Is an avatar not a character?


----------



## Skittles (Jul 24, 2020)

Skittles is me. A wee bit bolder than I am in reality perhaps.

I have two other characters I use for RP purposes.

Eldrana and Mirian.


----------



## JustAlex1997 (Jul 24, 2020)

Kurushimii said:


> Is an avatar not a character?


A character is more than a name and face. I refer to backstory, personality, and so on.


----------



## BlackDragonAJ89 (Jul 24, 2020)

If by self-insert or author avatar, then yes, my fursona is a character.


----------



## Aika the manokit (Jul 25, 2020)

Aika is an easygoing, simple fisherman who has many stories and secrets. He represents my own easygoing personality. He's my emotional support sona.


----------



## Jackpot Raccuki (Jul 25, 2020)

I like a lot of story building and lore, so technically my Fursona is NOT a character, but at the same time there is a "character" of my fursona.
In otherwords there is two different versions of Jackpot, the obvious will be that the fursona version is nicer, whereas the story version doesn't care who you are and just take your soul and move on.
He is or rather has a fursona version because I like his character a lot since his smug and greedy nature fits me, and coz I get to horde my boyfriend to myself, or rather pretend I am. >w>

The character Jackpot has been defeated before, and at same time has canonically caused genocides and lots of death just to satisfiy his greed.
The fursona Jackpot is more friendlier and his 'greedy' nature just means he wants to take care of those close to him.

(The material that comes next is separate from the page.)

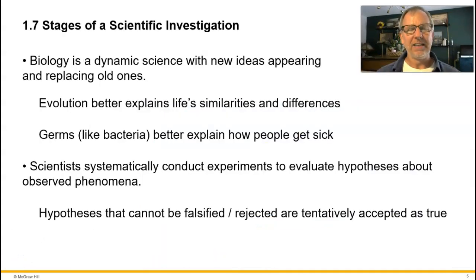Science in general is a process for understanding the natural world, and there are many ways to do it. We commonly outline what are called the stages of a scientific investigation, though you don't have to follow every single one for it to be science. Biology is very dynamic, always changing, with new ideas replacing old ones — and that's true of all the sciences. The nature of science is replacing older ideas with newer ones when the evidence suggests we should.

Technically, the character version is capable of being nice, but the odds are not in your favour, as expected from someone who owns plenty of casinos.


----------



## Kinare (Jul 25, 2020)

Yeah, mine has a backstory and a huge world I created all for her kind. The world has been in the works since I was a teenager so many years ago, a solid 17 or so years ago. Different characters back then, and I still think of that story sometimes, but now I use that world as a base for my sona's stories. Right now I'm working on fleshing out some of the other characters and world details so I have less of an excuse not to write some actual story bits.


----------



## MrSpookyBoots (Jul 26, 2020)

Mine has a backstory. It just hasn't been written and pushed out for reading yet. I have a basic outline.


----------



## Guifrog (Jul 26, 2020)

Mine has a bit of a backstory inspired by my own surroundings, as much as he's a representation of myself


----------



## Deathless (Oct 13, 2020)

My fursona is basically everything I am and want to be, but she does have her own backstory I made when I was younger. She's her own person but me at the same time!


----------



## cYbEr_PaNdA (Oct 13, 2020)

My fursona is an extension of myself....my otherside behind the looking glass...

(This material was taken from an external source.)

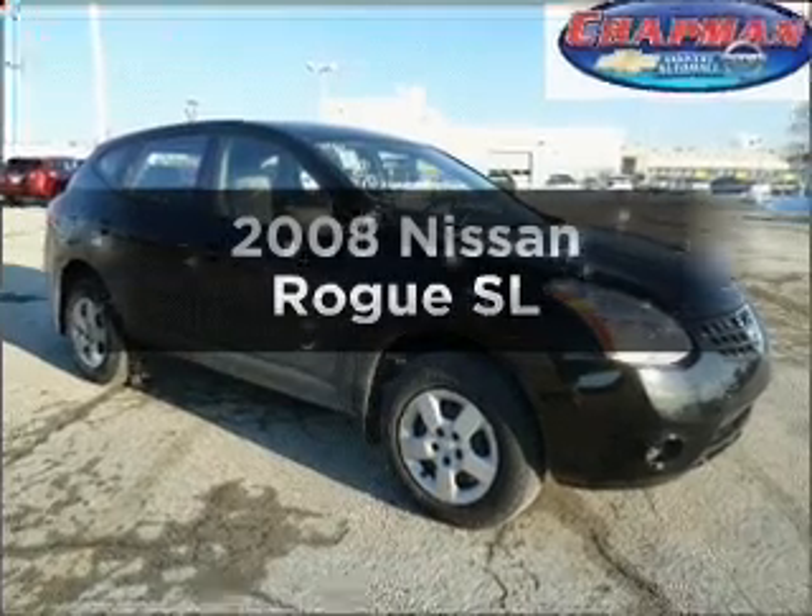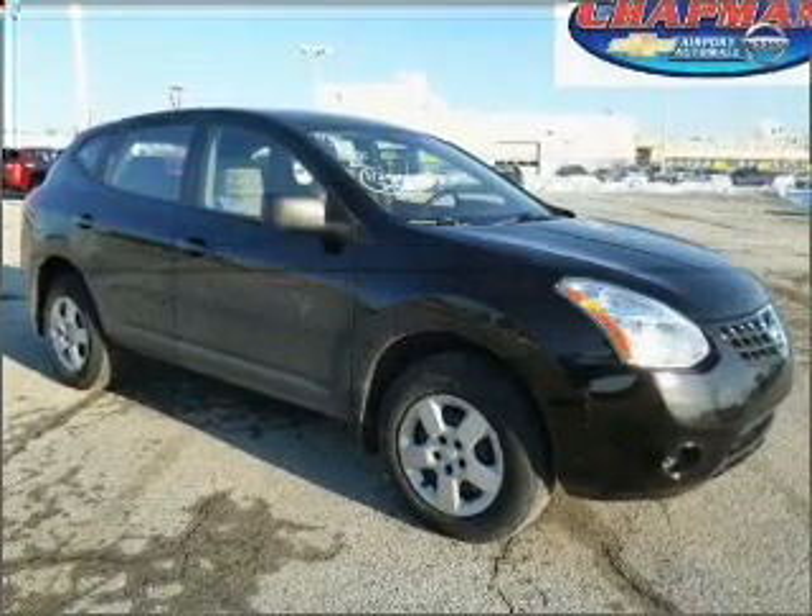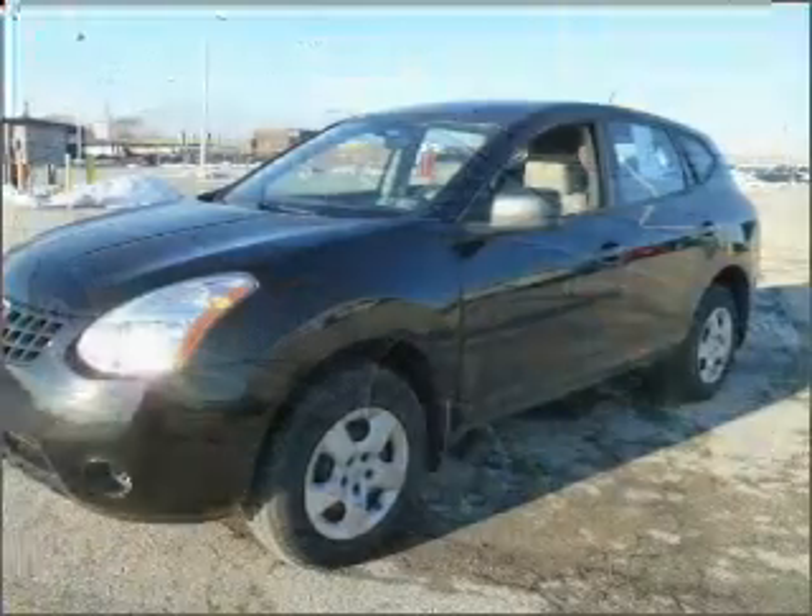Check out this 2008 Nissan Rogue. Everything you need under one roof with this great vehicle.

And WOW I haven't posted in here in a looong long time ago XD


----------



## Raever (Oct 13, 2020)

ConorHyena said:


> Both my sonas have extensive backstories, but that's just cause I like world building.



Basically the above. I actually have very little in common with my Fursona, but I will get vent art with her as a form of coping.
For the most part she's her own creature-thing with her own shit going on.


----------



## Zehlua (Oct 13, 2020)

Zehlua rides the line between real life and fantasy, with his own comic series I'd like to work on


----------



## dapperbirdy95 (Oct 13, 2020)

Yeah if I'd ever get around to making a backstory.


----------



## tonnlife (Oct 13, 2020)

For me a fursonna is more something of an avatar. But i have other characters with their backstories and personalities.


----------



## TuxedoDemon (Oct 13, 2020)

Both of my fursonas are more avatars than they are characters. I don't see a reason to go deeper than that with them. I have other characters and a webcomic if I want to do character building/story writing/world building/etc.


----------



## MaelstromEyre (Oct 14, 2020)

Mine is a character that I've used for long-term roleplay.  

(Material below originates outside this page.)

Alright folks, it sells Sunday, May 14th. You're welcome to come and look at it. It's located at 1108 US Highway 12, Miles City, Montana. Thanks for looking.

To me, I kind of see it as "acting."  Like, when I'm not in RP, my character is "me" for the most part, though she has a few talents and hobbies and skills I don't.  She's like the "better version" of me.

The RP version of Maelstrom has a more detailed backstory that doesn't mirror my own, though there are some parts that are drawn from my own life experiences.  She exists in a different time period so her experiences as a character are based on that.


----------



## pascalthepommie (Oct 14, 2020)

Pascal is more like an alternate persona for myself. Like in the way someone may have a drag identity. When I use to go to Furry dances dress with his tail and ears I definitely got "into character". 
I miss those dances D:


----------



## VeeStars (Oct 14, 2020)

I like worldbuilding but too lazy to worldbuild my "fursona" so no


----------



## KD142000 (Oct 14, 2020)

I suppose since he's been used in stories and such with his own backstory...then yes?
Doesn't have a huge world or history. Not like he's from an alternate dimension where cookies taste like burnt carrots and wombats have electric tongues X3

But still, I'd say he's a character :3


----------



## VeeStars (Oct 14, 2020)

KD142000 said:


> I suppose since he's been used in stories and such with his own backstory...then yes?
> Doesn't have a huge world or history. Not like he's from an alternate dimension where cookies taste like burnt carrots and wombats have electric tongues X3
> 
> But still, I'd say he's a character :3


That's a strange world there, KD


----------



## trivean (Oct 14, 2020)

My sona, Triv, is an extension of myself in a number of ways (same career choice, age, height, interests, etc) but can change in some degree to match whatever story I'm working on with him in it. He can be as cold hearted and ruthless as need be or kind and caring. It all depends on what I'm using him for, much like how all my other OCs are.


----------



## The-Courier (Oct 15, 2020)

I have multiple characters and no fursona, just one character I use to sort of 'put a face to the user', even though he's nothing like me.


----------



## Ziggy Schlacht (Oct 15, 2020)

I'd hazard that 3 characters of mine that aren't my fursona all have more of a backstory than my actual fursona. But those three are all DnD Characters of mine - so that's cheating. We'll ignore my tendency to draw porn of them.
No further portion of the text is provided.